Swift Justice for First Time Offenders
Fast, efficient sentences for first time offenders. The faster the feedback loop, the fewer individuals commit crimes - the better our system acts as a deterrent, and shows would-be criminals that police can and will act. More first-time offences must be dealt with, at high priority by the courts, with the least serious resulting in a first time non-custodial sentence - allowing for extreme speed, discouraging future criminality before it becomes career and giving police the power to bring individuals to court, to face community sentences and fines at pace, for first time offences.
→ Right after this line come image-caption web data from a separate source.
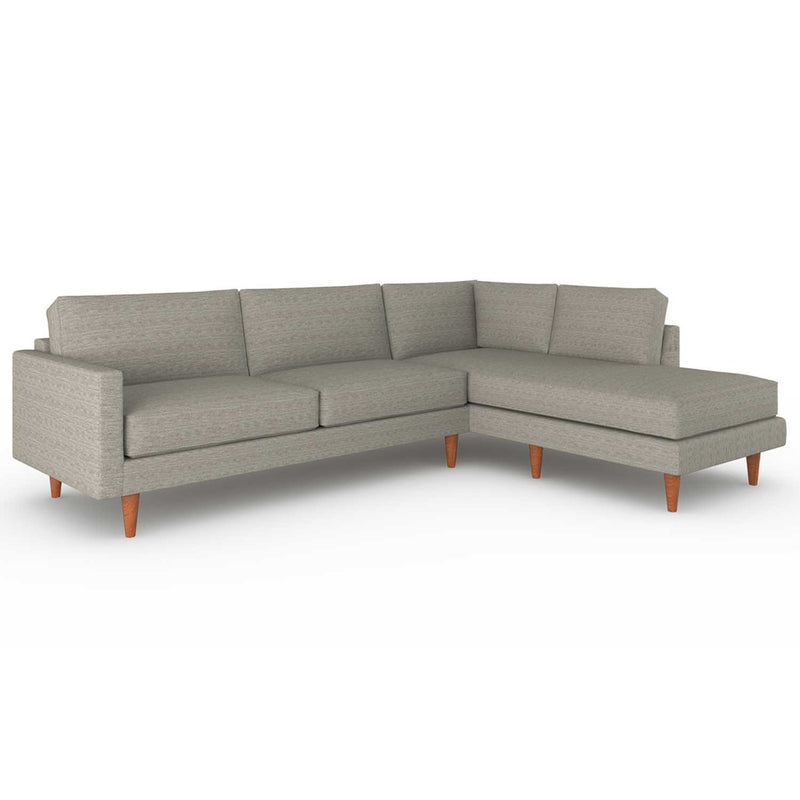 Wright 2 Piece Sectional - Skylar's Home and Patio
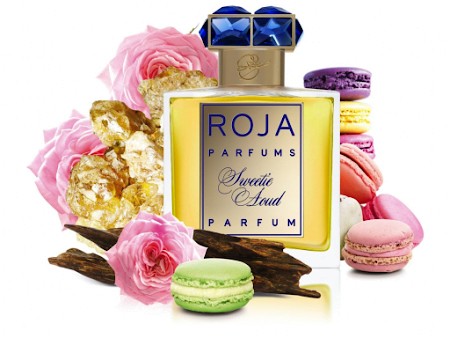 Bottle photo Roja Parfums Sweetie Aoud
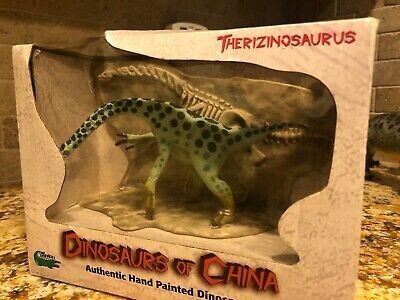 THERIZINOSAURIO SAFARI LTD DINOSAURS FROM CHINA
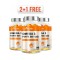 2+1 FREE True Health Omega 3 Forte 500/250 90 гел капсули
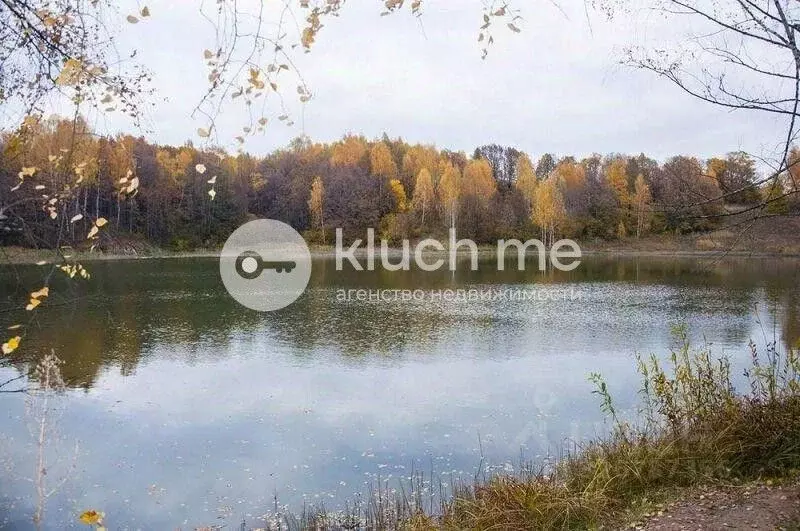 Участок в Татарстан, Зеленодольский район, Большеключинское с/пос, ... - Фото 2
Convicting Career Criminals
Amend sentencing guidelines to make clear the more offences a criminal commits, the longer they should stay in prison. Immediate, simple reforms to the sentencing guidelines would see career criminals reflected in sentencing. Replacing language discouraging prison, sentencing guidelines must change to reflect the societal cost of career criminals, as well as the good of imprisonment as a means to limit this cost and damage, and to prevent further criminality from career criminals. This could be passed with the stroke of a pen, and give judges the power to imprison career criminals at speed. For details on our proposed changes to sentencing guidelines, see the Appendix Note.
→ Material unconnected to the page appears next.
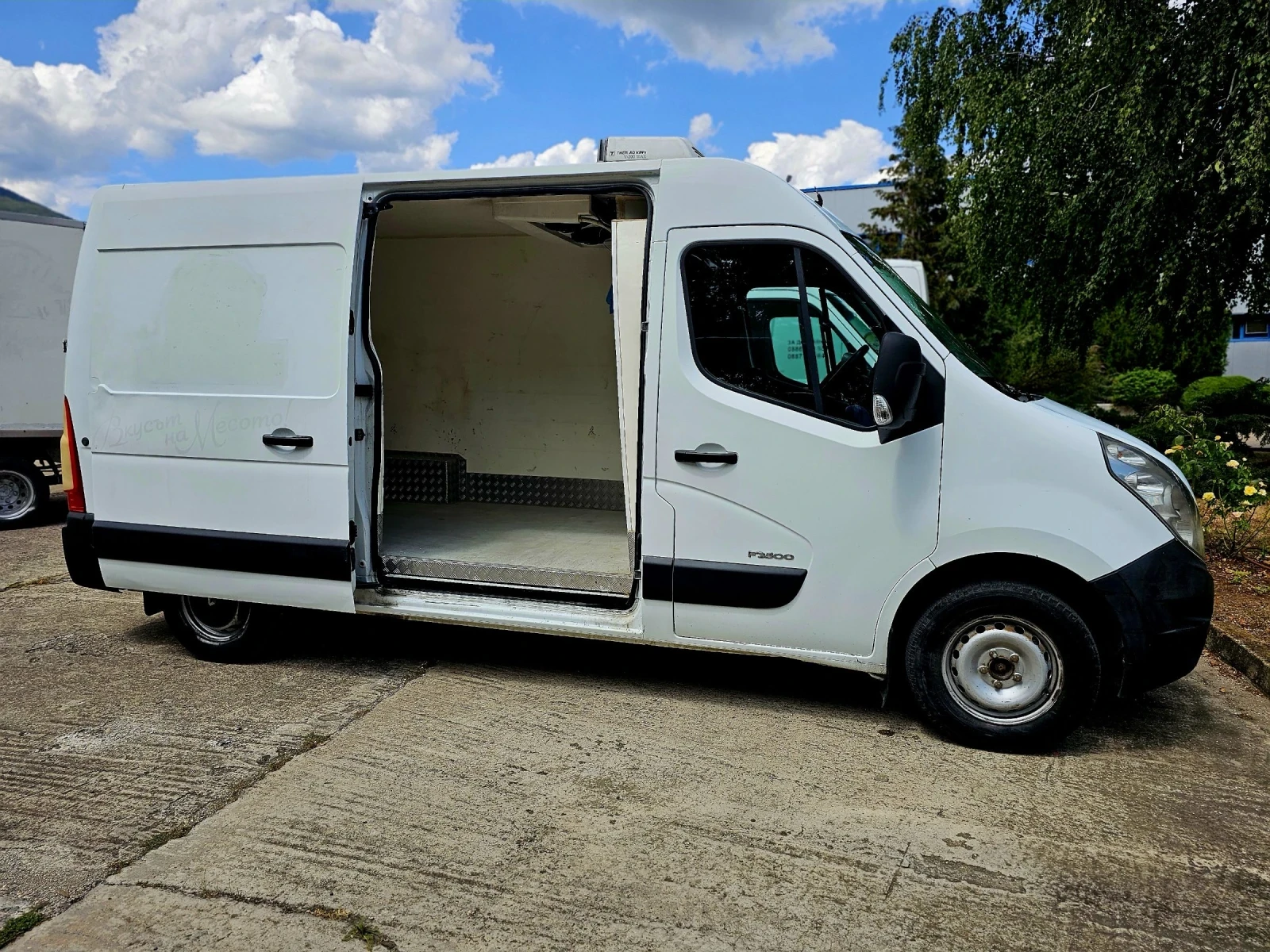 Renault Master L2H2 2.3dci ХЛАДИЛЕН - изображение 7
Legislative change. Government must ensure that each subsequent offence results in a proportionally longer sentence. Judges shall be permitted discretion but the direction of judgements must be made clear: repeat offences increase the time to be served, and the more serious a pattern of behaviour – or the more widespread – the more sentences must compound. More crimes must mean more time.
Solve the bottleneck. Government must build prisons and do so at speed. Focusing on career criminals means utilising the limited space as best we can, but the more prison spaces, the more flexible and responsive our solutions can be.
These solutions would crush the crime rate in Britain, make our streets safer, and ensure that crime no longer pays for career criminals.